3. Ed ecco che stiamo per andare incontro a questo Grande Giorno con acceso il fuoco pasquale; abbiamo acceso da questo fuoco la candela luce di Cristo e proclamato accanto ad essa la gloria della sua Risurrezione nel canto dell’“Exsultet”. In seguito, siamo entrati mediante una serie di letture nel processo del grande annuncio della creazione, del mondo, dell’uomo, del Popolo di Dio; siamo entrati nella preparazione dell’insieme del creato a questo Grande Giorno, al giorno della vittoria del bene sul male, della Vita sulla morte. Non si può afferrare il mistero della Risurrezione se non ritornando alle origini e seguendo, poi, tutto lo sviluppo della storia dell’economia salvifica fino a quel Momento! Al momento in cui le tre donne di Gerusalemme, fermatesi alla soglia del sepolcro vuoto, hanno sentito il messaggio di un giovane vestito di una veste bianca: “Non abbiate paura! voi cercate Gesù Nazareno, il crocifisso. È risorto, non è qui” (Mc 16,5-6).

4. Quel grande Momento non ci consente di restare fuori di noi stessi; ci costringe ad entrare nella nostra propria umanità. Cristo non soltanto ci ha rivelato la vittoria della vita sulla morte, ma ci ha portato, con la sua Risurrezione, la Nuova Vita. Ci ha donato tale nuova vita.

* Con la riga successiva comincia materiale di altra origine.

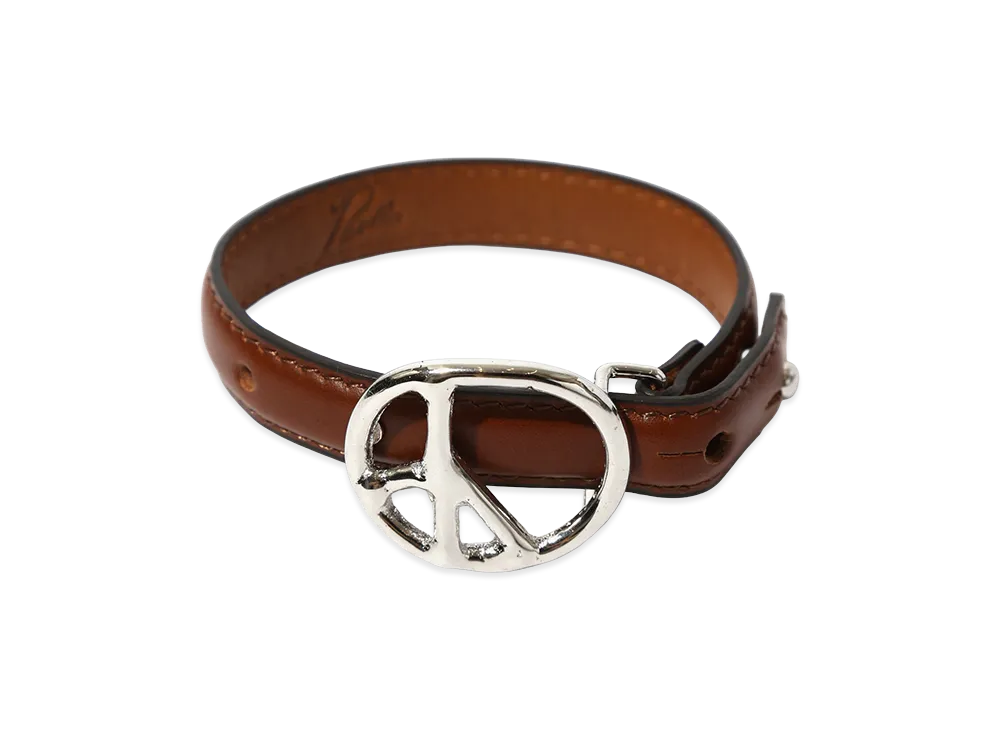 NEEDLES Peace Buckle Narrow Bracelet - Leather "Brown"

Ecco come si esprime San Paolo: “O non sapete che quanti siamo stati battezzati in Cristo Gesù, siamo stati battezzati nella sua morte? Per mezzo del battesimo siamo dunque stati sepolti insieme a lui nella morte, perché come Cristo fu risuscitato dai morti per mezzo della Gloria del Padre, così anche noi possiamo camminare in una vita nuova” (Rm 6,3-4).

Le parole: “siamo stati battezzati nella sua morte” dicono molto. La morte è l’acqua nella quale si riconquista la Vita: l’acqua “che zampilla per la vita eterna” (Gv 4,14). Bisogna “immergersi” in questa acqua, in questa Morte, per emergere poi da essa come Uomo Nuovo, come Nuova Creatura, come essere nuovo, cioè vivificato dalla Potenza della Risurrezione di Cristo!

Questo è il mistero dell’Acqua, che stanotte benediciamo, che facciamo penetrare con la “luce di Cristo”, che facciamo penetrare con la Nuova Vita: è essa il simbolo della potenza della Risurrezione!

Questa Acqua diventa, nel Sacramento del Battesimo, il segno della vittoria su Satana, sul peccato; il segno della vittoria che Cristo ha riportato mediante la croce, mediante la Morte e che riporta poi in ognuno di noi: “Il nostro uomo vecchio è stato crocifisso con lui perché fosse distrutto il corpo del peccato, e noi non fossimo più schiavi del peccato” (Rm 6,6).

5. Ecco la notte della Grande Attesa. Attendiamo nella fede, attendiamo con tutto il nostro essere umano Colui, che all’alba ha spezzato la tirannia della morte e rivelato la Divina Potenza della Vita: egli è la nostra Speranza.